Payment bonds on public projects in Massachusetts are governed by G.L. c. 149, § 29. There is no statutorily prescribed form of payment bond. The coverage of payment bonds issued under G.L. c. 149, § 29 includes expenses related to the project, such as:

  • labor and materials used or employed in the project;
  • specially fabricated materials, unsuitable for use elsewhere, regardless of whether they are delivered to, or incorporated into, the project;
  • transportation charges for materials;
  • rental costs of equipment; and
  • payments to health and welfare plans, unemployment-benefit plans, and other fringe benefits provided for in collective bargaining agreements.

Unlike payments bonds under the Miller Act, G.L. c. 149, § 29 protects every tier of subcontractor or supplier. Peters v. Hartford Acc. and Indem. Co., 377 Mass. 863 (1979).

A. Labor and Materials “Used or Employed in the Project.”

The emphasis on the “broadly remedial” purpose of G.L. c. 149, § 29 has led to several decisions allowing recovery for materials supplied and intended for the project, even if the materials were not ultimately physically incorporated into the project. See e.g., Advanced Kiosks v. LM Holdings, LLC, 25 Mass. L. Rptr. 357 (2009).

In Advanced Kiosks, a Superior Court justice relied upon another Superior Court decision in George H. Dean, Inc. vs. Fireman’s Ins. Co. of Newark, Mass. Super., 1996 WL 680083 (Botsford, J., Oct. 25, 1996), noting that the deciding judge in that decision exhaustively reviewed the decided cases to determine that, in order to recover under a bond, “the product which was supplied … need not have been actually incorporated into the as-built structure but need only have been… furnished by virtue of a contract.” Id.

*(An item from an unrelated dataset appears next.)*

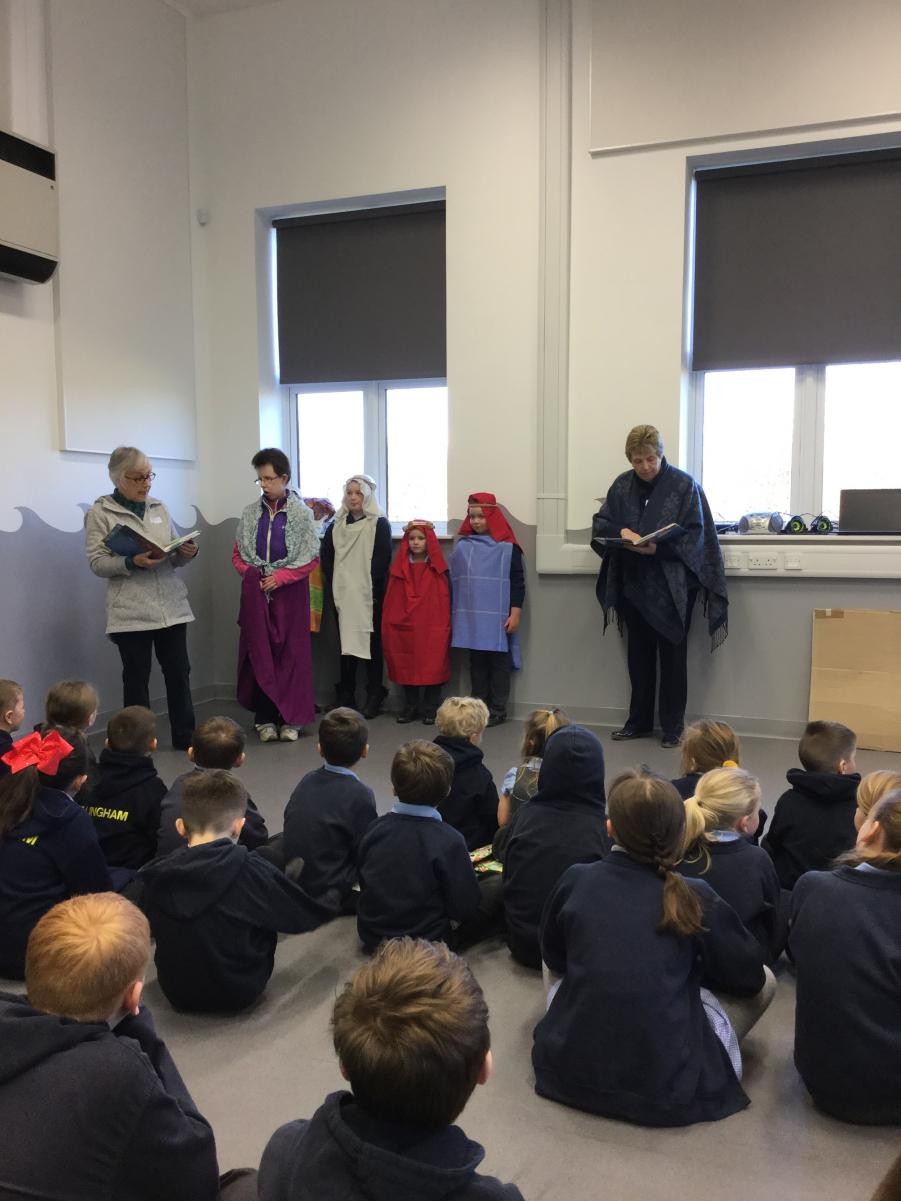 Lots of people came to see Jesus when he was at home.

In George H. Dean, Inc., the judge looked to the decision in International Heating & Air Cond. Corp. v. Rich Const. Corp., 372 Mass. 134, 138 (1977) and ultimately found for the claimant regardless of any evidence as to what amount of structural steel was actually incorporated into the project and what amount was simply delivered pursuant to the purchase order. Id.

B. Specially Fabricated Materials.

G.L. c. 149, § 29 provides for payment for specially fabricated materials as follows:

payment by the contractor and subcontractors for labor performed or furnished and materials used or employed therein … and including also any material specially fabricated at the order of the contractor or subcontractor for use as a component part of said public building or other public work so as to be unsuitable for use elsewhere, even though such material has not been delivered and incorporated into the public building or public work.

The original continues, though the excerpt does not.